Me enfrenté a una línea de cubículos verdes vacíos. Hilaban el camino hacia el mío. El murmullo al otro lado del panel divisorio era acompasado con el movimiento de una fila de piernas y zapatos debajo de cada escritorio situado en espejo. Me senté a esperar la salida del sol. Vi unas finas piernas. La silueta bordeaba el conjunto de músculos dentro de una simetría dulce y un volumen exquisito. La pierna estaba cubierta por unas medias que limpiaban las imperfecciones de la piel sin ocultar su color natural. Unos altos tacones blancos con hebilla contenían la delicada pieza carnosa. Una franja roja en el talón invitaba al acercamiento. Mis pies despertaron al encanto. Unas viejas Converse negras tropezaron. Como el encuentro fortuito de dos extraños en un paradero de buses. Ella se asustó y juntó los pies. Yo retiré mis pies pero me mantuve cerca, firme. El murmullo se detuvo. Después de un descanso la voz continuó en la llamada y uno de los tacones se acercó a mis zapatos. Su pierna derecha se montó sobre la izquierda. El pie temblaba a un ritmo constante. A veces se detenía y dibujaba círculos. El murmullo cesó. Los tacones se juntaron y se fueron. Tenía una cita.
Llegué justo a la hora. Cuando me acerqué al escritorio la voz hizo una pausa. Uno de los pies se deslizó hacia mi cubículo. Un botín rojo ceñido hasta el tobillo se levantaba sobre un tacón aguja y mostraba la fuerza del signo. Me senté y adelanté mis pies hasta tocarlo. Los dos botines se juntaron. Se mecían de lado a lado. Una fina cremallera asomaba a cada costado. Quería lanzarme al cuello de su pierna. Mis pies mojados ardían en el interior de las Converse. Paralizado miraba el espectáculo escarlata que me rodeaba. Tras unas risas, el sonido de la voz se extinguió. Uno de los botines sobó la cremallera del otro y desaparecieron. Tuve que quitarme las Converse y despegar los calcetines de la piel. El aire recompuso la cordura y enfrió el frenesí.
La semana caminó sobre un vaivén de lujuria y zozobra entre tacones y agujas mordaces, plataformas cósmicas, cuadrados abstinentes, tacones con pausa y coma, y taches glamurosos. Unos finos tacones de charol negro y suela roja esperaban. Debía actuar de forma impecable. Acerqué mis pies y me sitúe frente a los de ella. La firmeza del empeine y la definición de la silueta corrompían la tela negra de mis Converse. Jugué con toqueteos hasta que ella desnudó su pie derecho. La piel natural definía unas uñas bermellón que se acercaron al borde de los cordones. La voz que susurraba dejó de oírse. Unas risas glorificaban el quimérico musical que se desvelaba en el suelo. Desnudé uno de mis pies. Sentí el frio del charol. Resbalé por su cuello hasta quitarle el otro zapato. Mi pie apresurado había empezado a dibujar el contorno de sus músculos hacía arriba cuando una carcajada fracturó el ritual. El sol despuntó, representó su acto, ahuyentó la obcecación y alejó los pies.

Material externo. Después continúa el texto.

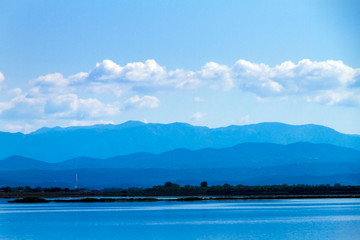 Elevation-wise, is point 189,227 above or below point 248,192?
below

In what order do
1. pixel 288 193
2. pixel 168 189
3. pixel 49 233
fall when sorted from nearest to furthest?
pixel 49 233 < pixel 288 193 < pixel 168 189

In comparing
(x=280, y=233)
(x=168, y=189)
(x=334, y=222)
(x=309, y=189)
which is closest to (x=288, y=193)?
(x=309, y=189)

La impaciencia aventajó de nuevo el alba. Como de costumbre llegué justo a la hora, pero con una caja en la mano. Al sentarme en mi cubículo unos zapatos asomaron. Eran unos mocasines marrones que empotraban una masa gorda y varicosa sujeta a una pierna burda y vellosa. El guion había sido alterado. La promesa se despeñaba dentro de una caja de zapatos. La rabia y la desolación paralizaban la puesta en escena. La escenografía escupía serpientes listas para domar. Saqué de la caja unos tacones Lady Peep dorados talla 38. Desanudé mis Converse, quité los calcetines y representé el performance más sublime de mi vida.